I assume the Hill Sphere formula here was meant for two bodies with a vast disparity in mass?
https://en.wikipedia.org/wiki/Hill_sphe ... d_examplesBecause if the less massive body has more than 3/8 the mass of the more massive body, the Hill Sphere radius is more than half the semi-major axis - meaning the LESS massive body would dominate the attraction of bodies even in some cases when they were closer to the MORE massive body than to itself. For example if the less massive body has 8/9 the mass of the more massive body, its Hill Sphere radius is 2/3 (cube root of 8/27) the semi-major axis, meaning it includes object twice as far from it than from the more massive body. Which kind of doesn´t make sense, when you think about it. Or at least *I* cannot make sense of it - and unfortunately these are the sorts of mass disparities that we´re going to find among many a binary pair.
It occurred to me, however, that the rules so far already allow for smaller zones of stable orbits around the less massive (or at least less luminous) star of the pair:
The rules use orbital shells whose radius depends on the parent star´s luminosity. So if star A of a binary pair was identical to Sol, and star B had a luminosity 0.25 times that of Sol, the orbital radius of the "sweet spot" orbital shell (the one that gets the same amount of energy from its star that Earth gets from Sol) around star B would be half that of Sol´s sweet spot, i.e. 0.5 AU. Since a difference of 10 orbital shells equal half/twice the orbital radius, the orbital radius of star A´s shell 0 and star B´s shell 10 would be identical - 1.0 AU.

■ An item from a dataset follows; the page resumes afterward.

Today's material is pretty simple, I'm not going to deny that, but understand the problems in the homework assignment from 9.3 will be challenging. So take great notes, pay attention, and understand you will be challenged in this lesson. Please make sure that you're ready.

So let´s say these two stars orbit each other at a distance of 4.0 AU, which would be orbital shell 20 for the more massive star, A. That means that, under the base model for stars of indentical mass, planets could orbit each at shell 0 or further in - 1.0 AU for star A.
Of course, given the disparity in mass, an orbit 1.0 AU out from the less massive star, B, wouldn´t be stable. But orbital shell 0 for star B isn´t at 1.0 AU, it´s at 0.5 AU.
So, a vastly simplified and probably mathematically blasphemous idea would be to simply assume that the reduction in zone of stable orbits due to lower mass and the reduction orbital radii of shells due to lower luminousity are roughly equivalent - so that "take the orbital shell of the more massive star at which the binary orbits each other, subtract 20 and use the result as the orbital shell of the less massive star that is its outer limit for stable planetary orbits" produces somewhat reasonable results.
Unfortunately, for all I can tell from looking at real star data, using luminosity as a proxy for mass in that rule appears to vastly overstate differences in mass - our hypothetical star B would probably be midway through spectral type K with 2/3 to 3/4 the mass of Sun. So the outer limit for stable orbit would be a lot smaller under this rule than in reality.
The rule also doesn´t account for the more massive star having a larger outer limit for stable orbits than it would if its companion had the same mass.
Both problems could be adressed, though, by reducing the minimum separation between the binary orbit and planets around each star by one shell for every X points of luminosity difference, up to a certain minimum.